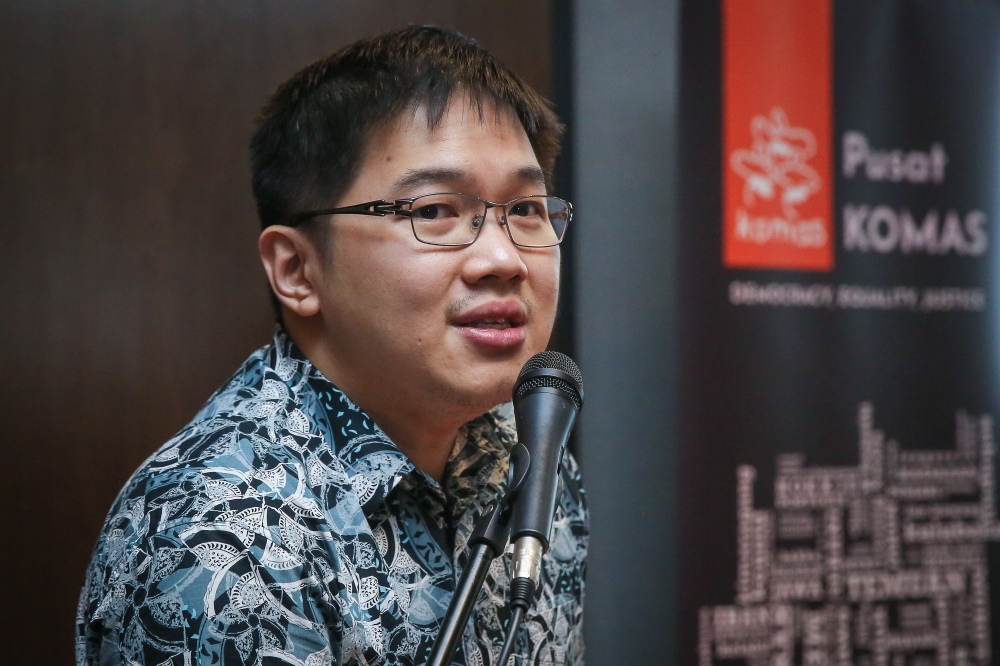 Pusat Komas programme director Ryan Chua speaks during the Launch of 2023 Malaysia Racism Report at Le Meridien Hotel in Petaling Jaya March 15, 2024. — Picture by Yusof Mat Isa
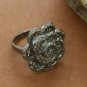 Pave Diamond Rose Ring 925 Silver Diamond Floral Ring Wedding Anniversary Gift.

...

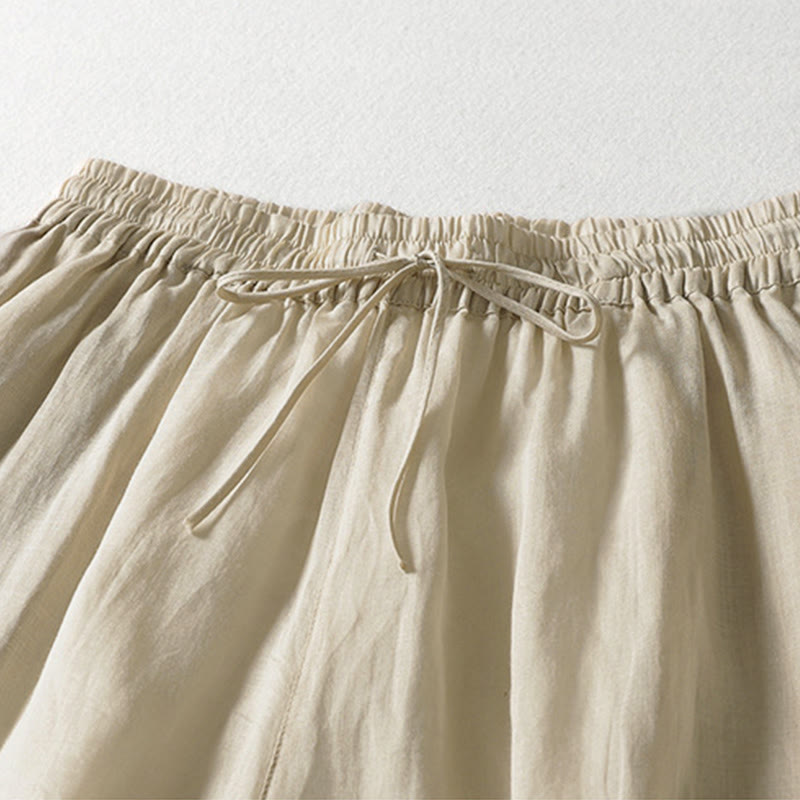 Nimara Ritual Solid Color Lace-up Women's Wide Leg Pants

==

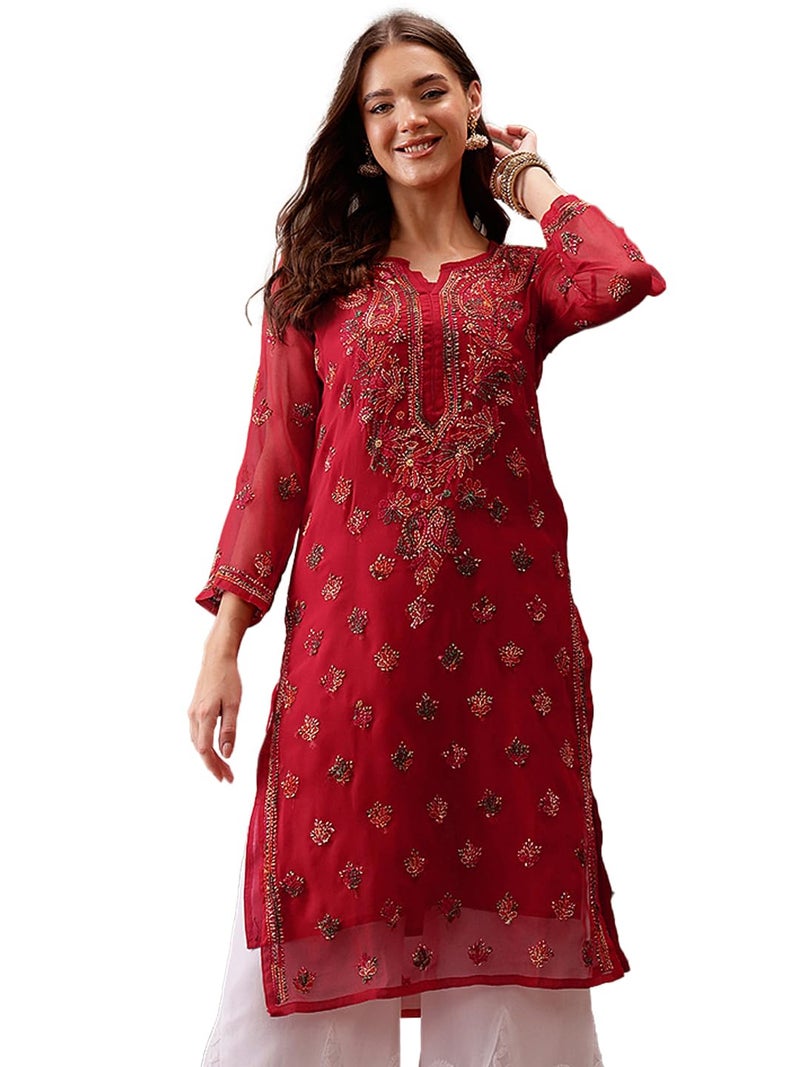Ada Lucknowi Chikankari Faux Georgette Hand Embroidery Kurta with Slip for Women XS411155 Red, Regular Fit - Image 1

• Work order
Go to the line above holding "Pusat Komas programme", then copy exactly each line down to and including the one holding "Pave Diamond Rose", leaving pictures out.

• Exercise result
 Pusat Komas programme director Ryan Chua speaks during the Launch of 2023 Malaysia Racism Report at Le Meridien Hotel in Petaling Jaya March 15, 2024. — Picture by Yusof Mat Isa
 Pave Diamond Rose Ring 925 Silver Diamond Floral Ring Wedding Anniversary Gift.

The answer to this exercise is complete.